Euchromatic hobo-related sequences have been found to be in fixed positions in six E strains analysed, at 38C, 42B, 55A, 79E, 80B, 82C, 84C and 84D. The hobo related sequences from Oregon-R and iso-1 are substantially diverged and rearranged and cannot code for a functional hobo\T.
Sequences flanking a donor hobo do not influence subsequent integration site preference, whereas sequences contained within 31bp flanking an integration hot spot have a significant effect on the frequency of integration into that site. The lack of a common sequence motif in the DNA flanking several hot spots suggests that higher order DNA structural characteristics of the DNA and/or chromatin may influence integration site selection by the hobo.
Molecular and GD sterility tests are not sufficient to classify strains in the hobo system. All the components of the dysgenic syndrome must be taken into account.
The function of hobo transposon in tephritid species is tested in transient embryonic excision assays. Wild-type and mutant strains of A.suspensa, B.dorsalis, B.cucurbitae, C.capitata and T.curvicauda all support hobo excision or deletion both in the presence and absence of co-injected hobo transposase source. This indicates a permissive state for hobo motility and the existance of endogenous systems capable of mobilising hobo.
Several Drosophilid and tephritid species are permissive for hobo motility, tephritid species harbour hobo-related elements. hobo excision occurred in the absence, as well as the presence, of hobo\T in both insect families. This suggests that cross-mobilisation systems exist in a broad range of insects.
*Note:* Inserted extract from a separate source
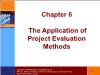 Tài chính doanh nghiệp - Chapter 6: The application of project evaluation methods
Study of TE distribution (P-element, hobo, I-element, copia, mdg1, mdg3, 412, 297 and roo) along chromosome arms shows no global tendency for the TE site occupancy frequency to negatively follow the recombination rate, except for the 3L arm. The tendency for TE insertion number to increase from base to tip of some chromosome arms is simply explicable by a positive relationship with DNA content along the chromosomes. So for all TEs, except hobo, there is no relationship between distribution of TE insertion numbers weighted by DNA content and recombination rate. hobo insertion site number is positively correlated with recombination rate.
Mobility of the hobo transposon has been assayed using an in vivo transient assay in several Drosophila species. In D.melanogaster devoid of hobos, excision occurs only after co-injection of a helper plasmid. In species confirmed not to contain hobo, excision occurred at significant rates both in the presence and absence of co-injected helper plasmid. hobo is capable of functioning in the soma during embryogenesis, and its mobility is unrestricted in drosophilids. Drosophilids not containing hobo are able to mobilize hobo, presumably by a hobo-related cross-mobilizing system. The cross-mobilizing system in D.virilis is not functionally identical to hobo with respect to excision sequence specificity.
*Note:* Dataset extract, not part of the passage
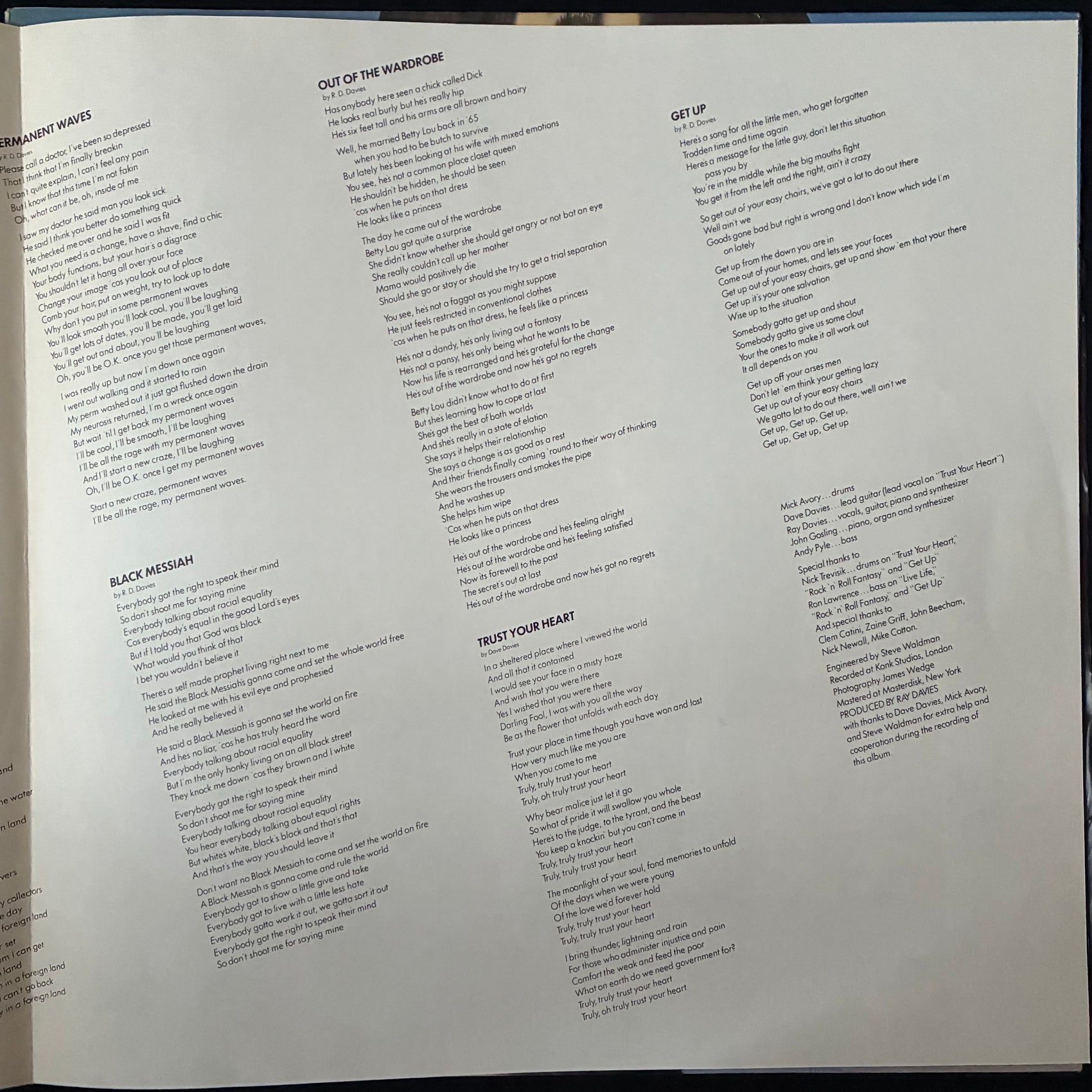 KINKS - MISFITS (USED VINYL 1978 AUS M-/EX+)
The spread of hobos is temperature-dependent, being more efficient at 25oC than 21oC. hobos introduced into the genome by transformation have the ability to confer the features of bona fide hobo wild strains and reinforce the hypothesis of genome invasion.
A modified hobo introduced into embryos of the housefly, M.domestica, and the Queensland fruitfly, B.tryoni, is capable of transposition and transposition products have all the landmarks of hobo transposition products recovered from D.melanogaster.
The distribution and copy number of P-elements and hobos has been studied in long-term D.melanogaster cage populations kept under different culture conditions.
hobo excision is similar to Ac and Tam3 element excision in plants, the empty donor sites are very similar. hobos can be mobilised in M.domestica in the absence of hobo-encoded transposase as M.domestica has hobo-transposase-like factors.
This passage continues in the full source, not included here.